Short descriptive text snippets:
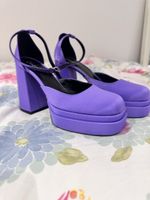 DÉCOLLETÉ CON PLATEAU E TACCO COLOR VIOLA/LILLA.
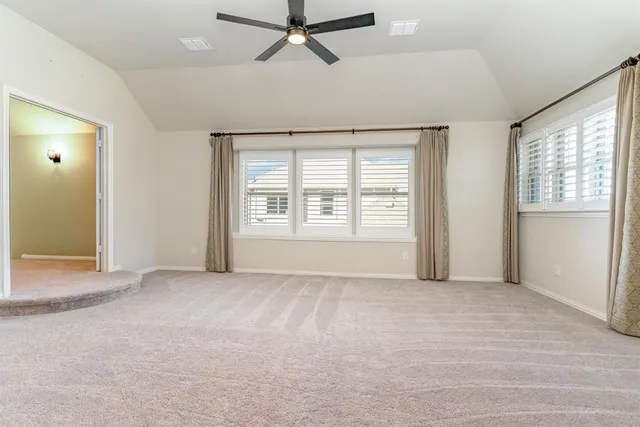 an empty room with closet and windows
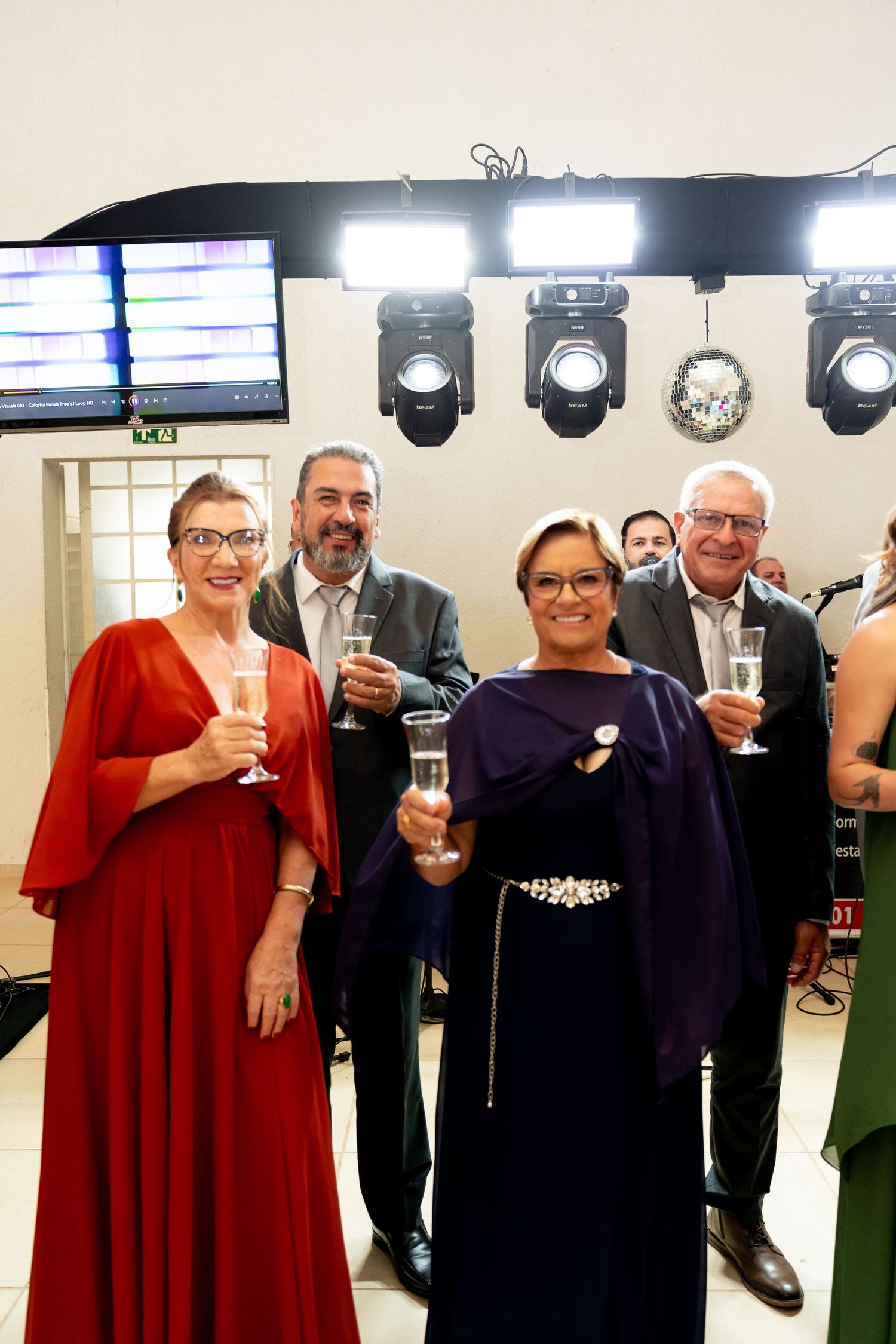 Elegantly dressed guests toasting with champagne glasses at a formal event under bright stage lights.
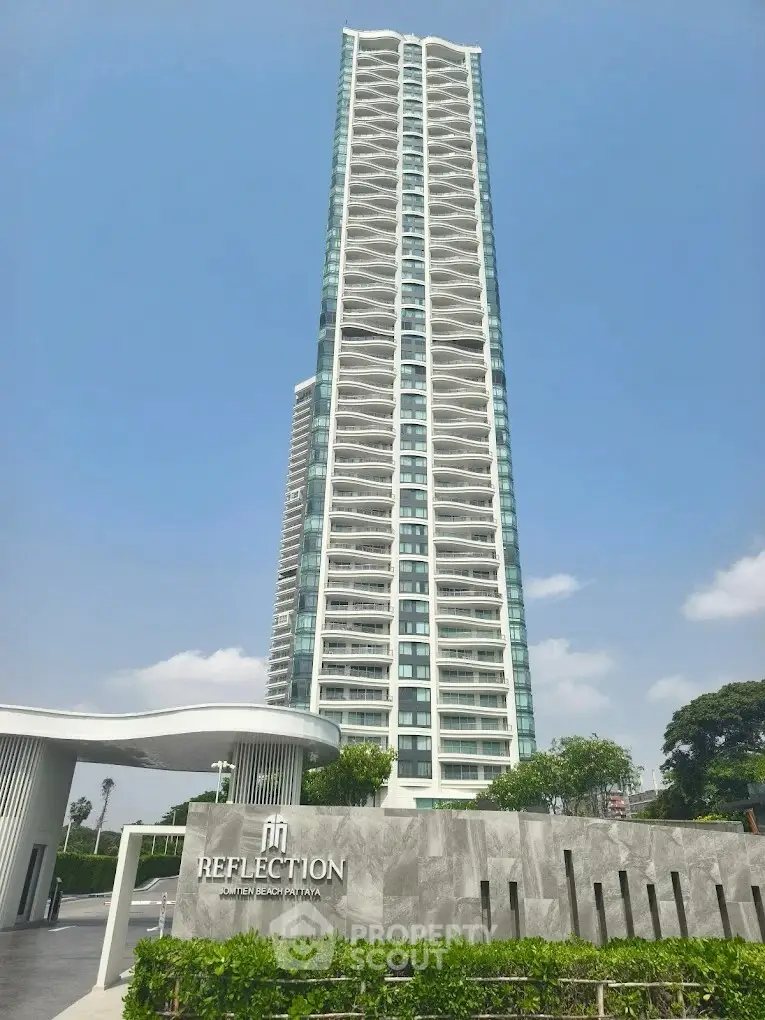 Luxurious high-rise building with modern architecture in Pattaya, offering stunning city views and premium amenities.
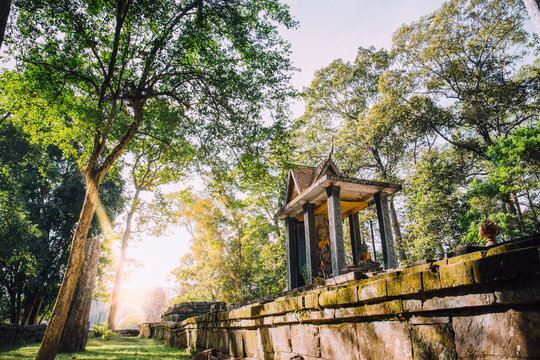 statue of buddha in old pavilion in ancient public garden with sunflare for background in cambodia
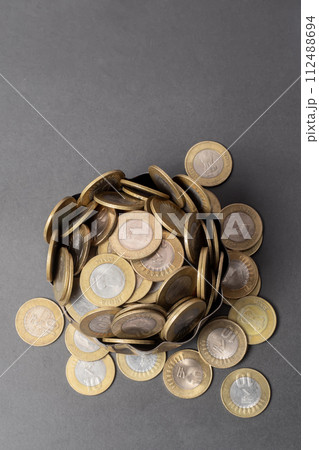 Pile of Indian ten rupee coins on gray background 112488694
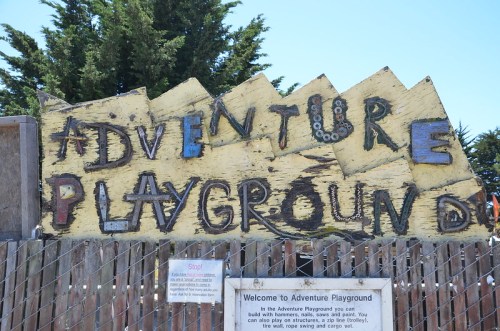 A colorful wooden sign reading "Adventure Playground" at the entrance of a playground, surrounded by trees.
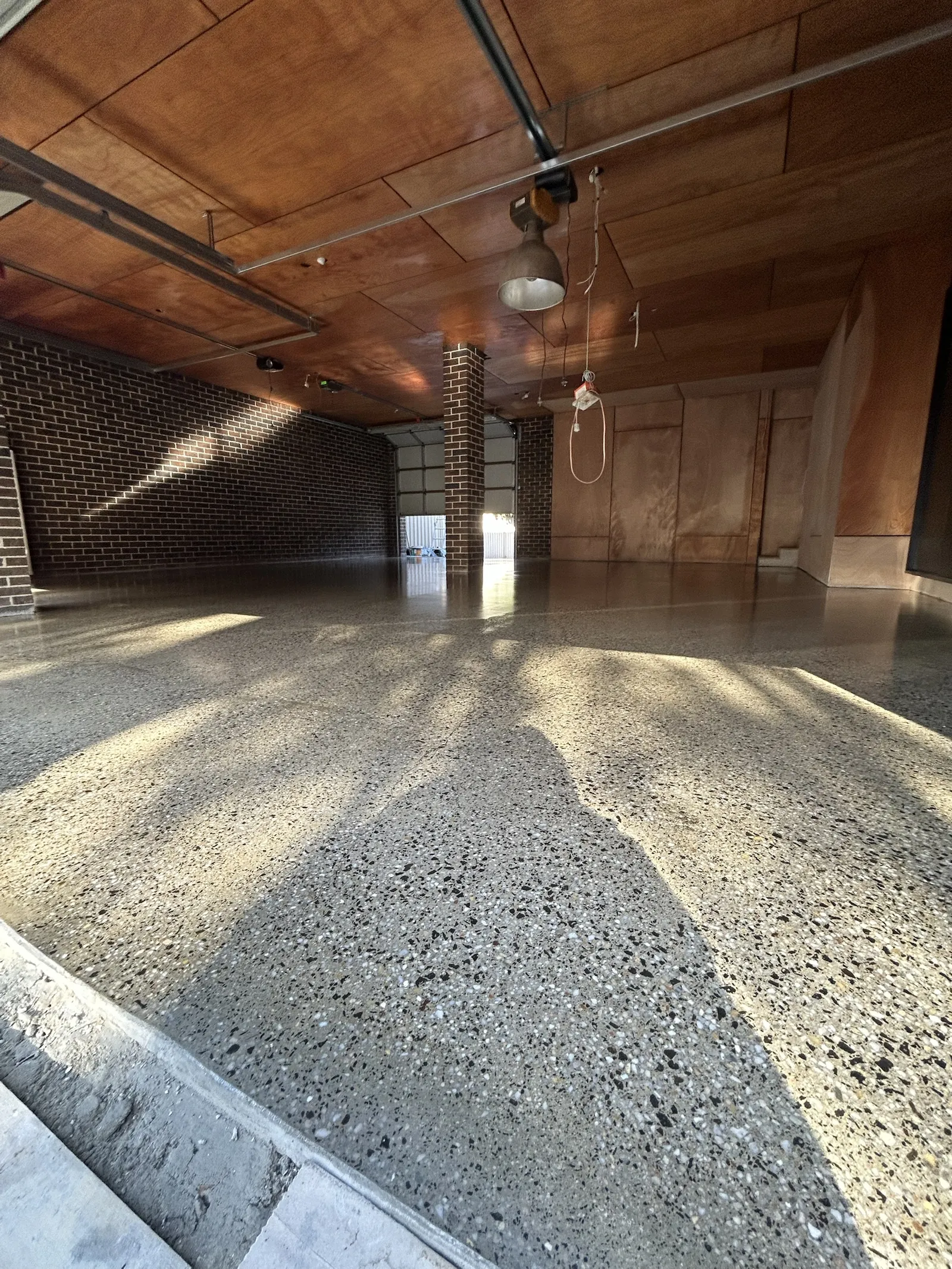 Grind and seal concrete in a brick-walled garage, low sun across the high-gloss exposed aggregate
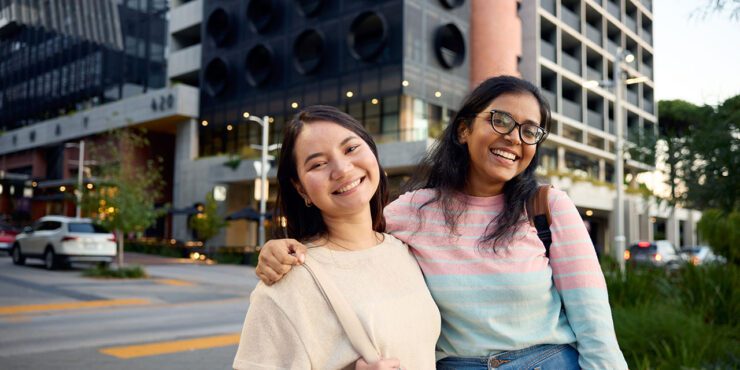 Two Curtin students smiling in front of their accommodation.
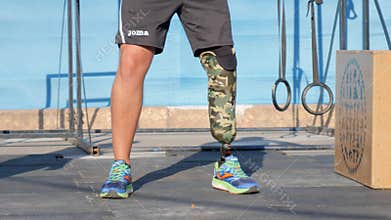 Strong arms of male handicapped with prosthetic leg in form of sport raises heavy weight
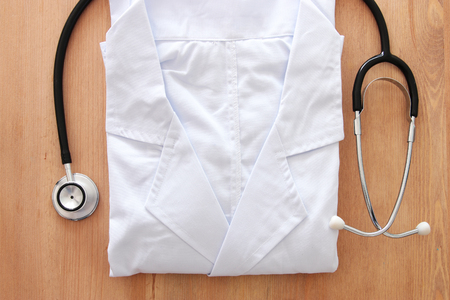 Image of stethoscope and doctor coat over wooden desk. Medical conceptの写真素材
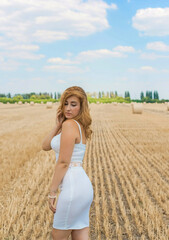 Natural modern plus size woman with full hips, pretty figure in white costume at field. Concept of femininity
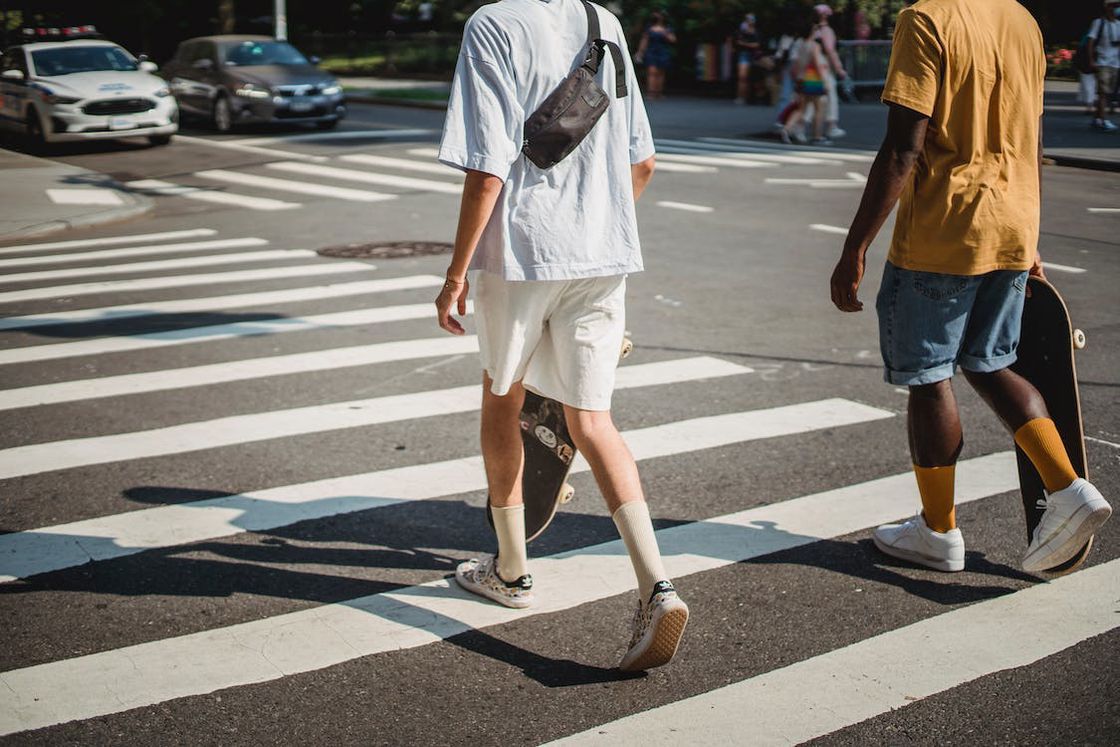 Two men holding skateboards while walking in a pedestrian crosswalk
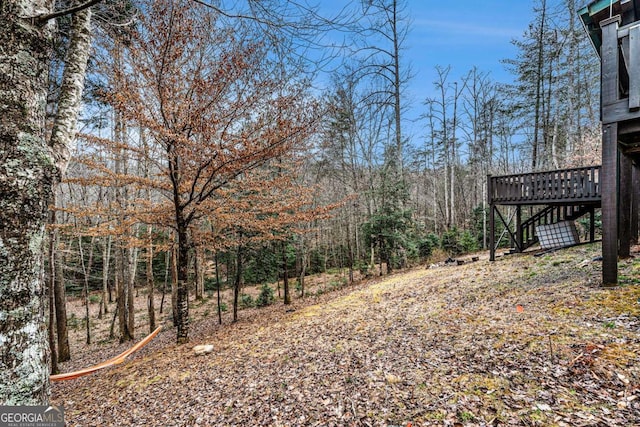 view of yard with a deck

| Exercise goal |
Do not copy pictures. Restate exactly the lines from the one containing "Image of stethoscope" through the last line of the records.

| Written response |
 Image of stethoscope and doctor coat over wooden desk. Medical conceptの写真素材
 Natural modern plus size woman with full hips, pretty figure in white costume at field. Concept of femininity
 Two men holding skateboards while walking in a pedestrian crosswalk
 view of yard with a deck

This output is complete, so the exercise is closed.